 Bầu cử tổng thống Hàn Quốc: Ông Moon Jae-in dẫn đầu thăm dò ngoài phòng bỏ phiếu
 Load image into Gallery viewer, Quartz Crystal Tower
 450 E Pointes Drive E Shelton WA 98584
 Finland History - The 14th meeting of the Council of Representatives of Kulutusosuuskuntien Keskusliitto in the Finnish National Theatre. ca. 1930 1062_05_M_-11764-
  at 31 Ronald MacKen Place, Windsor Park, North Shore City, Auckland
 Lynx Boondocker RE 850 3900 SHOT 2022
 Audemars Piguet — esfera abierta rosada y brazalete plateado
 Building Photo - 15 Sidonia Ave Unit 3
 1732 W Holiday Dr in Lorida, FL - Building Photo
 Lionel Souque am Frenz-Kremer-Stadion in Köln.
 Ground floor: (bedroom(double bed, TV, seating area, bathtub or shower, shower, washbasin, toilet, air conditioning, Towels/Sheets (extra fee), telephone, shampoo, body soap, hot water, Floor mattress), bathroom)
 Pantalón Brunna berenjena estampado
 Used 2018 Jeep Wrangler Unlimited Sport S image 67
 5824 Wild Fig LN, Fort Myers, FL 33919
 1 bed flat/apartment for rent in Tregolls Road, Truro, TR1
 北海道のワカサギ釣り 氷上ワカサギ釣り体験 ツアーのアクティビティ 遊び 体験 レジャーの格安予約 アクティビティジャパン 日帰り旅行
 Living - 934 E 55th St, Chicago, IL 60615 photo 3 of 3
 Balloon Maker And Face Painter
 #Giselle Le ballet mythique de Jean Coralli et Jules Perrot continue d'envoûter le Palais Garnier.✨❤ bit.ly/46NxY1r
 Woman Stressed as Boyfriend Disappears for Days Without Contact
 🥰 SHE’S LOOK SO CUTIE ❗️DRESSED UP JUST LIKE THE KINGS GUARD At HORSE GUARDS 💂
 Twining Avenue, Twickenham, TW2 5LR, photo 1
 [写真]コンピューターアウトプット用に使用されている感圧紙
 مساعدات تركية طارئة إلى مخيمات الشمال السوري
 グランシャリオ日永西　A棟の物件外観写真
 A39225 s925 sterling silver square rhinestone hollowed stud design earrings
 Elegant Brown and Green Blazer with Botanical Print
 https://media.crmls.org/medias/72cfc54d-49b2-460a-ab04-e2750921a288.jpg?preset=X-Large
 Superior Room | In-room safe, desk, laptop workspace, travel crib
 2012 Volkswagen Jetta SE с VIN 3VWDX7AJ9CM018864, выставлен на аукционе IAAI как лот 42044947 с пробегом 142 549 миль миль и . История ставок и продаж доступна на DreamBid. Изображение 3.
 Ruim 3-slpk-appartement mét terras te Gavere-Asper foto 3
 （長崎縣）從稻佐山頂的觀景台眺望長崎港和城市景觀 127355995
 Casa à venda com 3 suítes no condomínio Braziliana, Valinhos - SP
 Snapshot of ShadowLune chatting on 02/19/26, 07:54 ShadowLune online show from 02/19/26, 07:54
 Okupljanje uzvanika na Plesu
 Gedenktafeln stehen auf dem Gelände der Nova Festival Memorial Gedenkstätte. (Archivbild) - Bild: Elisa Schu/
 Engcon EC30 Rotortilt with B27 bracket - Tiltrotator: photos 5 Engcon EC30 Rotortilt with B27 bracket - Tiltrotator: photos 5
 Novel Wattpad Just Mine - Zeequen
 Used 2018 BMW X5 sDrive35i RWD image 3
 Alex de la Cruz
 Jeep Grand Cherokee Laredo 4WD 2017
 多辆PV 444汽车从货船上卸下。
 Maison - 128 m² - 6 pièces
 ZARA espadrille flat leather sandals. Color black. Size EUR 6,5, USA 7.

■ ■ ■ ■ ■ ■ ■

[WORK ORDER]: Keeping every line exactly as it is, retype the entries shown above.

[EXPECTED OUTPUT]:
 Bầu cử tổng thống Hàn Quốc: Ông Moon Jae-in dẫn đầu thăm dò ngoài phòng bỏ phiếu
 Load image into Gallery viewer, Quartz Crystal Tower
 450 E Pointes Drive E Shelton WA 98584
 Finland History - The 14th meeting of the Council of Representatives of Kulutusosuuskuntien Keskusliitto in the Finnish National Theatre. ca. 1930 1062_05_M_-11764-
  at 31 Ronald MacKen Place, Windsor Park, North Shore City, Auckland
 Lynx Boondocker RE 850 3900 SHOT 2022
 Audemars Piguet — esfera abierta rosada y brazalete plateado
 Building Photo - 15 Sidonia Ave Unit 3
 1732 W Holiday Dr in Lorida, FL - Building Photo
 Lionel Souque am Frenz-Kremer-Stadion in Köln.
 Ground floor: (bedroom(double bed, TV, seating area, bathtub or shower, shower, washbasin, toilet, air conditioning, Towels/Sheets (extra fee), telephone, shampoo, body soap, hot water, Floor mattress), bathroom)
 Pantalón Brunna berenjena estampado
 Used 2018 Jeep Wrangler Unlimited Sport S image 67
 5824 Wild Fig LN, Fort Myers, FL 33919
 1 bed flat/apartment for rent in Tregolls Road, Truro, TR1
 北海道のワカサギ釣り 氷上ワカサギ釣り体験 ツアーのアクティビティ 遊び 体験 レジャーの格安予約 アクティビティジャパン 日帰り旅行
 Living - 934 E 55th St, Chicago, IL 60615 photo 3 of 3
 Balloon Maker And Face Painter
 #Giselle Le ballet mythique de Jean Coralli et Jules Perrot continue d'envoûter le Palais Garnier.✨❤ bit.ly/46NxY1r
 Woman Stressed as Boyfriend Disappears for Days Without Contact
 🥰 SHE’S LOOK SO CUTIE ❗️DRESSED UP JUST LIKE THE KINGS GUARD At HORSE GUARDS 💂
 Twining Avenue, Twickenham, TW2 5LR, photo 1
 [写真]コンピューターアウトプット用に使用されている感圧紙
 مساعدات تركية طارئة إلى مخيمات الشمال السوري
 グランシャリオ日永西　A棟の物件外観写真
 A39225 s925 sterling silver square rhinestone hollowed stud design earrings
 Elegant Brown and Green Blazer with Botanical Print
 https://media.crmls.org/medias/72cfc54d-49b2-460a-ab04-e2750921a288.jpg?preset=X-Large
 Superior Room | In-room safe, desk, laptop workspace, travel crib
 2012 Volkswagen Jetta SE с VIN 3VWDX7AJ9CM018864, выставлен на аукционе IAAI как лот 42044947 с пробегом 142 549 миль миль и . История ставок и продаж доступна на DreamBid. Изображение 3.
 Ruim 3-slpk-appartement mét terras te Gavere-Asper foto 3
 （長崎縣）從稻佐山頂的觀景台眺望長崎港和城市景觀 127355995
 Casa à venda com 3 suítes no condomínio Braziliana, Valinhos - SP
 Snapshot of ShadowLune chatting on 02/19/26, 07:54 ShadowLune online show from 02/19/26, 07:54
 Okupljanje uzvanika na Plesu
 Gedenktafeln stehen auf dem Gelände der Nova Festival Memorial Gedenkstätte. (Archivbild) - Bild: Elisa Schu/
 Engcon EC30 Rotortilt with B27 bracket - Tiltrotator: photos 5 Engcon EC30 Rotortilt with B27 bracket - Tiltrotator: photos 5
 Novel Wattpad Just Mine - Zeequen
 Used 2018 BMW X5 sDrive35i RWD image 3
 Alex de la Cruz
 Jeep Grand Cherokee Laredo 4WD 2017
 多辆PV 444汽车从货船上卸下。
 Maison - 128 m² - 6 pièces
 ZARA espadrille flat leather sandals. Color black. Size EUR 6,5, USA 7.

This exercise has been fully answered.